After my two glasses of wine, Zedd, Ephraim, and I undertook the cheesecake task. My head was merrily buzzing, but I was cooking, not driving, right? What could possibly go wrong? I read and re-read the directions I had scrawled down on an already-stained sheet of notebook paper. I had gathered my ingredients and measured as carefully as my fuzzy concentration would allow, all the while trying to keep small fingers out of the batter and supplies. I noticed a funny smell and realized with horror that in my hand being sprinkled generously into the batter was cayene pepper and not cinnamon at all. I stopped and scooped out what I could find. Zedd asked what I was doing and I told him I had accidentally grabbed the wrong spice. "Great. So it's going to be ruined now?" he asked, his 5 year old blue eyes filled to the brim with judgement. "No, it shouldn't be." I don't think he believed me. We added the three (yes three) packages of cream cheese, one for each of us. Zedd and I unwrapped them without any issues and were trying to free them of their foil wrappers when I glanced over to check Ephraim's progress. He had taken a largish bite out of the brick of cream cheese and was munching happily on it. "EJ! We don't eat bites out of the cream cheese!" He flashed me a creamy grin. "I like it, Auntie Allison!" After it was all said and done, it turned out fine (although it was almost ruined when the bottom fell out of the pan, but I saved it with my amazing reflex skills). It was a little spicy, but I blamed it on the ginger and wasn't even teased very much.

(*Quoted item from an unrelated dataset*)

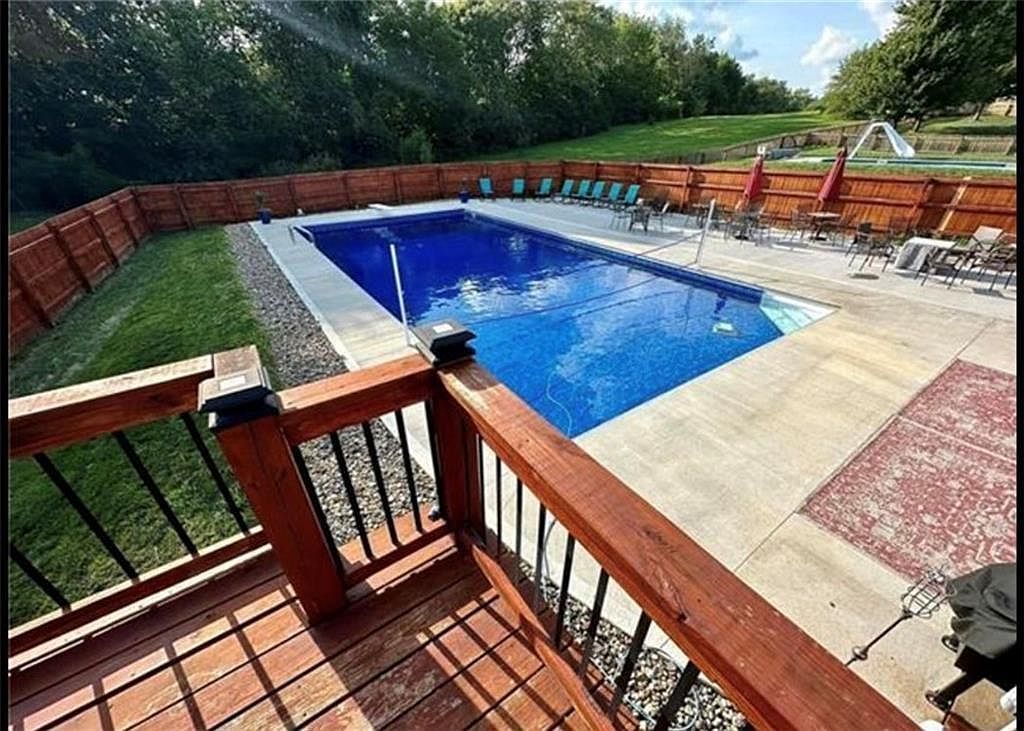 4007 Bennington Dr Saint Joseph, MO 64506 - Thumbnail 4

Lilah learned to really-and-truly crawl while we were there. We had a nice visit with the Sherfield and Severn families in Coldwater, and Dano took Lilah to the Build-A-Bear Workshop where he assisted her in the creation of her very first teddy. I finished her Christmas shopping. The ride back was a little more trying (mostly because Lilah decided that sleeping in the car was for squares, and also that she had no intention of being in her carseat for more than 2 hours at a time without wailing), but we made it back to the UP nonetheless more or less intact.

We now eagerly await Christmas. I work afternoon shift Christmas Day, but we'll have a nice Christmas morning and I get double time and a half holiday pay, so I'll live. It's not like Lilah has any idea what's actually going on. As far as she's concerned, she's seen a lot of brightly colored packages of toys being ferried into the house and out of her reach, and she is not pleased.